Before STERN, C. J., and STEARNE, JONES, BELL, CHIDSEY, MUSMANNO and ARNOLD, JJ.

CHIDSEY, Justice.

This appeal is from the refusal of the court below to open a judgment entered against the appellants in an amicable action of ejectment upon a warrant of attorney contained in an oil and gas lease.

On December 19, 1949, the Continental Oil Company of Philadelphia conveyed certain premises in President Township, Venango County, known as the Continental Farm, to Julius Ahrens and Bessie Ahrens, his wife, the appellees, by a deed which was recorded on December 29, 1949. The conveyance was made subject to a certain oil and gas lease for twenty years, executed by the appellees' grantor to one Jacob Goldstein, father of two of the appellants, dated October 17, 1916. At the time of the aforesaid conveyance, these appellants George Goldstein and his sister, Lillian Goldstein, were operating the premises, which contained some twenty-seven oil wells, two pressure wells and two power wells, for the production of oil and gas.
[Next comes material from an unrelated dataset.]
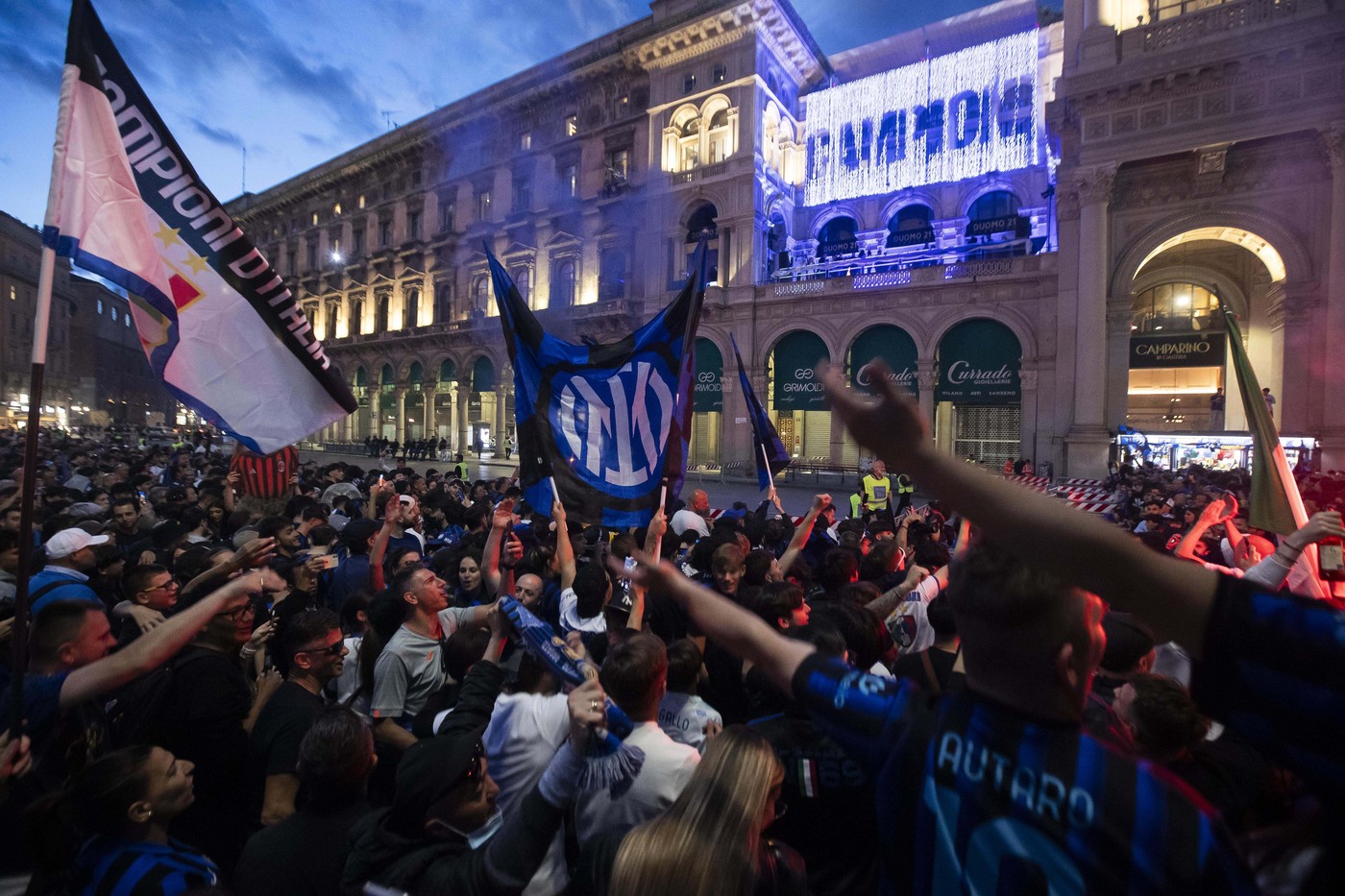 Chivu atrage 400.000 de suporteri pentru triumful Inter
George Goldstein and his sister Lillian and one Thomas V. Penner, the other appellant, on November 1, 1943 had been granted by the Continental Oil Company for the term of twenty years the exclusive right and privilege of mining and drilling for carbon oil and petroleum on the entire tract. This lease was not recorded until April 16, 1951. It contained, inter alia, an agreement on the part of the lessees to maintain constant operations for the production of oil from the premises during the continuance of the lease, with a provision that a suspension of such operations for the space of thirty days at any one time without the consent in writing of the landowners should be deemed an abandonment of the permises and the relinquishment and forfeiture of all the rights and privileges granted in the lease. Time was made of the essence.
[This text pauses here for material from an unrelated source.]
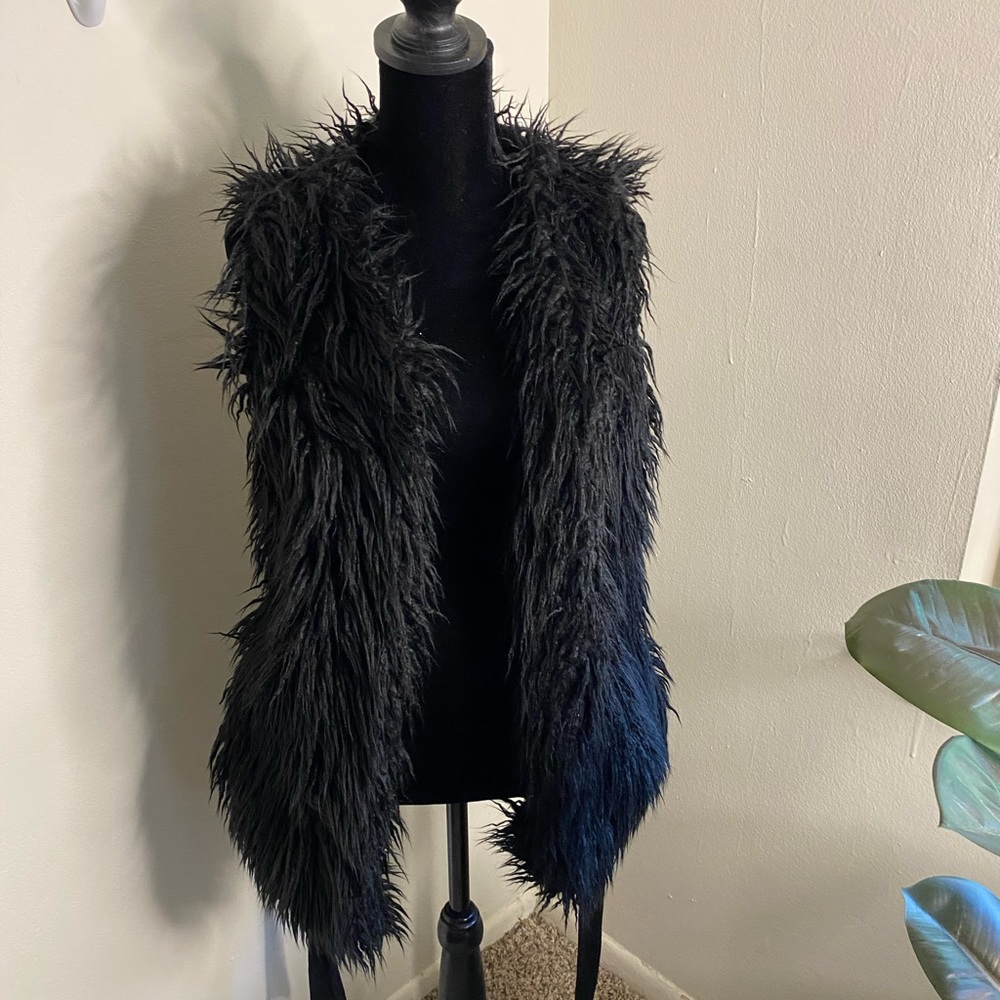 Black Furry Vest Lightly Worm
It further provided that if the lessees should fail for a space of thirty days at any one time in the due performance of any one of the covenants and agreements that, then, and in either such case of failure or breach, the lease and all rights and privileges should immediately terminate and become null and void.

The lease also provided that in order that the lessors could obtain prompt possession of the premises in the event of default, the lessees authorized and empowered any attorney of any court of record as attorney for the lessees, to enter in any competent court an amicable action and judgment in ejectment against the lessees and all persons claiming under them for the recovery of the possession demised.

The lease was operated and royalties paid to the appellees until November, 1950. On November 23, 1950, there was an unusually heavy fall of snow in President Township and most sections of western Pennsylvania, and from that date until the present time the defendants have not operated for oil under the lease. Several letters were sent by counsel for the appellees to George Goldstein between November 28, 1950, and June 26, 1951 wherein the appellees claimed exclusive possession, at first on the ground that the lease of October 17, 1916 had expired 1 and later on the ground of abandonment and forfeiture for failure to operate for thirty days under the terms of the lease of November 1, 1943.

Subsequent to a letter written by appellees' counsel to the appellant George Goldstein dated January 5, 1951, the appellees posted 'No Trespassing' signs on the property, constructed a 33 foot wide road about 4,700 feet in length over the southerly portion of the land, laid out a plan of 100 lots on the property along the line of the road and also granted a right of way for the erection and maintenance of an electric line to the Pennsylvania Electric Company.

On July 17, 1951 the appellants instituted an action in equity to restrain the appellees from interfering with their operation of the lease for oil and gas and also to restrain the appellees from conveying the surface of the premises covered by the lease. The appellees filed an answer raising preliminary objections to the bill. On October 11, 1951 the court issued an order dismissing all of the preliminary objections with the exception of the first, holding that the appellees had the right to sell, convey and dispose of all the property or any part thereof as contended in such objection.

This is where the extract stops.